* _WHAT THE TASK REQUIRES_:
Up to and including the line that contains "Building Photo - 6615 Atkins Rd", write out every line of the entries exactly, beginning with the first. Omit the pictures.

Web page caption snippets

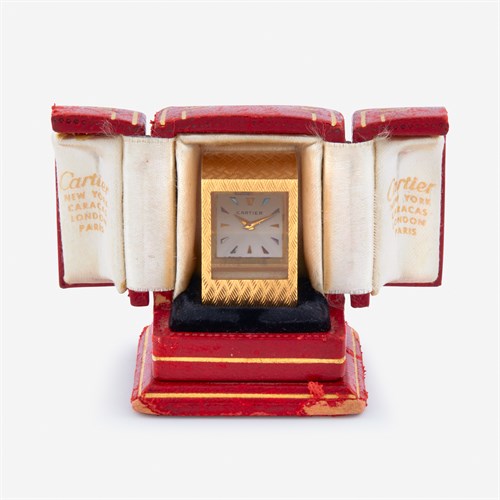 Lot 1 - An eighteen karat gold desk clock, Cartier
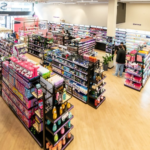 Soneda chega à Marília com Daiso para levar Oriental Beauty à região da Alta Paulista. Loja terá formato híbrido no Marília Shopping. Veja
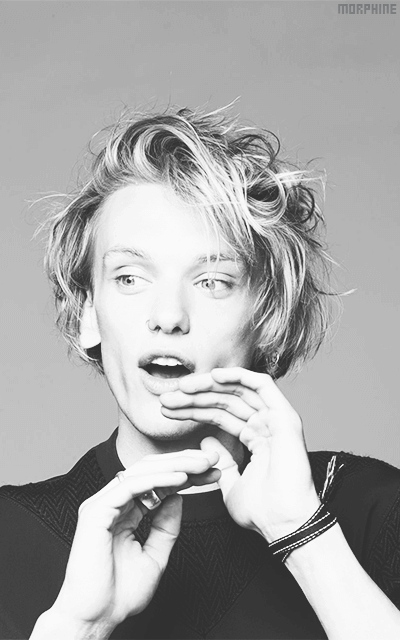Jamie Campbell Bower HcYvvMFS_o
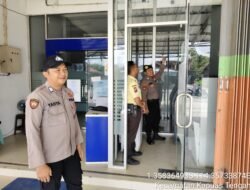 Piket Polsek Kapuas  Tengah laksanakan Patroli Rutin ke bank BRI unit Pujon.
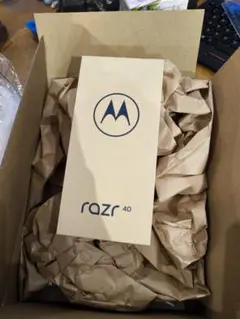 Motorola razr 40 バニラクリーム 本体のサムネイル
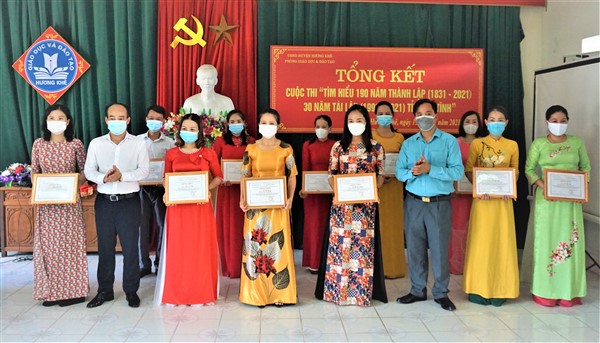 40 giáo viên và học sinh đạt giải trong Cuộc thi “Tìm hiểu 190 năm thành lập và 30 năm tái lập tỉnh Hà Tĩnh”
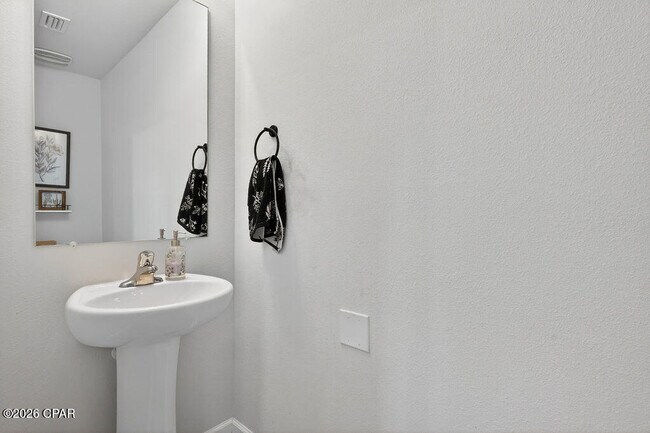 Building Photo - 6615 Atkins Rd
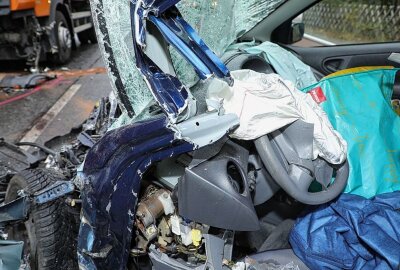 Toyota erleidet Totalschaden - Der Toyota Yaris wurde völlig zerstört. Foto: Roland Halkasch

* _WORKED SOLUTION_:
 Lot 1 - An eighteen karat gold desk clock, Cartier
 Soneda chega à Marília com Daiso para levar Oriental Beauty à região da Alta Paulista. Loja terá formato híbrido no Marília Shopping. Veja
Jamie Campbell Bower HcYvvMFS_o
 Piket Polsek Kapuas  Tengah laksanakan Patroli Rutin ke bank BRI unit Pujon.
 Motorola razr 40 バニラクリーム 本体のサムネイル
 40 giáo viên và học sinh đạt giải trong Cuộc thi “Tìm hiểu 190 năm thành lập và 30 năm tái lập tỉnh Hà Tĩnh”
 Building Photo - 6615 Atkins Rd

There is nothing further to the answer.